Newsflash: New York City Curb Space Was Privatized Long Before Car-Share Companies Came Along
DOT is launching a pilot program to reserve on-street parking spaces for car-share services, which got an advance write-up in the Times today. By reserving 285 spots for car-share companies (230 on-street, according to the Times, plus 55 off-street spaces), the thinking goes, the city can make better use of curb space.
City Hall is pitching the program as a way to ease people out of owning personal cars. “There are just too many cars here,” Mayor de Blasio said at a press event this morning. “There’s a lot of people who have their car in a parking space all week long and really only need it on the weekend.”
The program raises interesting questions about the impact of car-sharing in a majority car-free city like New York. Will easier access to car-share open up curb space as people abandon car ownership, or will any vacuum soon get filled by other car owners? Which will have a bigger effect on traffic: people who drive less because they give up their personal cars, or car-free people who drive more because they can use the car-share fleet?
All of that gets glossed over or buried in reporter Sarah Maslin Nir’s piece in the Times, which frames the program as another burden on people who just want to store their cars on New York City streets for free.

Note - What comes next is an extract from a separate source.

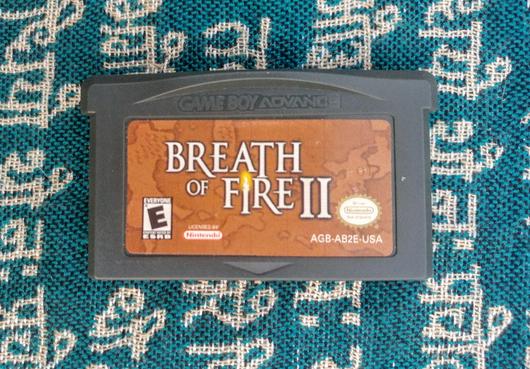 Breath of Fire II photo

The story hits all the motorist entitlement buttons. Street parking is a “blood sport,” and by “cutting precious parking spots,” DOT is “taking away” space from car owners already besieged by “aggressive” parking enforcers, “unforgiving” tow truck drivers, and a city that — out of sheer spite, it seems — forces them to temporarily move their vehicles a few hours a week for street sweeping.
Cue the quote from AAA:
Beside the elimination of parking spaces, the program has also rankled some drivers over the decision to turn over public land to private companies — even if it is just a patch of asphalt.

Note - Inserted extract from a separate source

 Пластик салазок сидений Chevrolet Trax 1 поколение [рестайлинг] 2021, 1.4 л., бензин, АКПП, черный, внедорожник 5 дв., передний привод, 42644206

“You’re basically taking those spaces off the plate there for the public,” said John Corlett, the legislative committee chairman for AAA, the automobile association. “It’s a valuable commodity they are handing over to a private, profit-making company.” In fact, the city already has done something similar through its bike-sharing program, which is operated by a private firm.
So the natural order of things is to only give street parking away to those who can afford to own and maintain their own automobiles. Got it.

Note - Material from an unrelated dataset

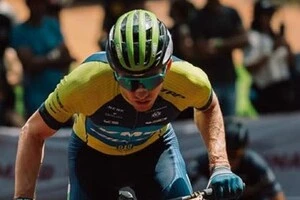 Гудима здобув срібло молодіжного Кубка світу з маунтенбайку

The fact is, New York City privatized this public space ages ago, when the city decided that the default function of the curb zone would be personal car storage. It was a decision that never benefitted the majority of New Yorkers who don’t own cars. (The Times erroneously stated that in New York, “just over half of adults own cars,” but the household car ownership rate is 45 percent, and the per capita car ownership rate among adults appears to be significantly lower.)
It’s fair to question whether the city is serving the public interest in this arrangement with car-share companies — hopefully the pilot program will produce data on car ownership and driving mileage that provides answers. But you can’t say that the city is privatizing turf that was open to the public at large before. Most New York City curb space has been off-limits to most New Yorkers for generations.